STD-Trees: Spatio-temporal Deformable Trees for Multirotors Kinodynamic Planning

TL;DR

This paper introduces STD-Trees, a novel method that enhances multirotor kinodynamic planning by locally deforming trajectory trees in space and time, significantly improving convergence speed.

Contribution

It proposes a new spatio-temporal deformation approach for trajectory trees that accelerates convergence in kinodynamic planning for multirotors.

Findings

Spatio-temporal deformation improves convergence speed.

Compatible with various RRT-based methods.
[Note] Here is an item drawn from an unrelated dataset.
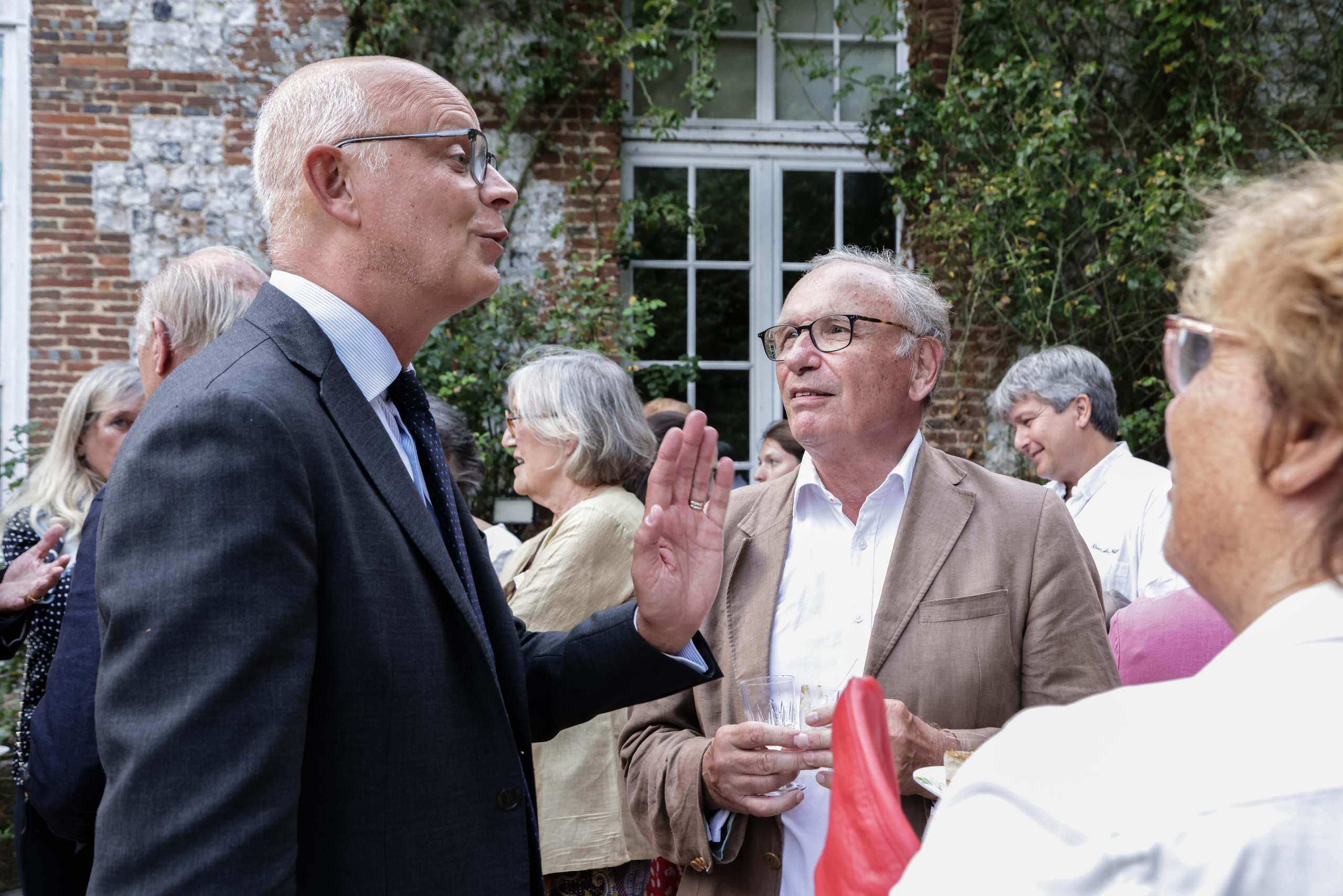 Edouard Philippe remet les insignes à Anne de Bagneaux-Savatier. Natalia Bogdanovska. Films et photographie corporate en France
Outperforms spatial-only deformation in experiments.

Abstract

In constrained solution spaces with a huge number of homotopy classes, stand-alone sampling-based kinodynamic planners suffer low efficiency in convergence. Local optimization is integrated to alleviate this problem. In this paper, we propose to thrive the trajectory tree growing by optimizing the tree in the forms of deformation units, and each unit contains one tree node and all the edges connecting it. The deformation proceeds both spatially and temporally by optimizing the node state and edge time durations efficiently. The unit only changes the tree locally yet improves the overall quality of a corresponding sub-tree. Further, variants to deform different tree parts considering the computation burden and optimizing level are studied and compared, all showing much faster convergence. The proposed deformation is compatible with different RRT-based kinodynamic planning methods, and numerical experiments show that integrating the spatio-temporal deformation greatly accelerates the convergence and outperforms the spatial-only deformation.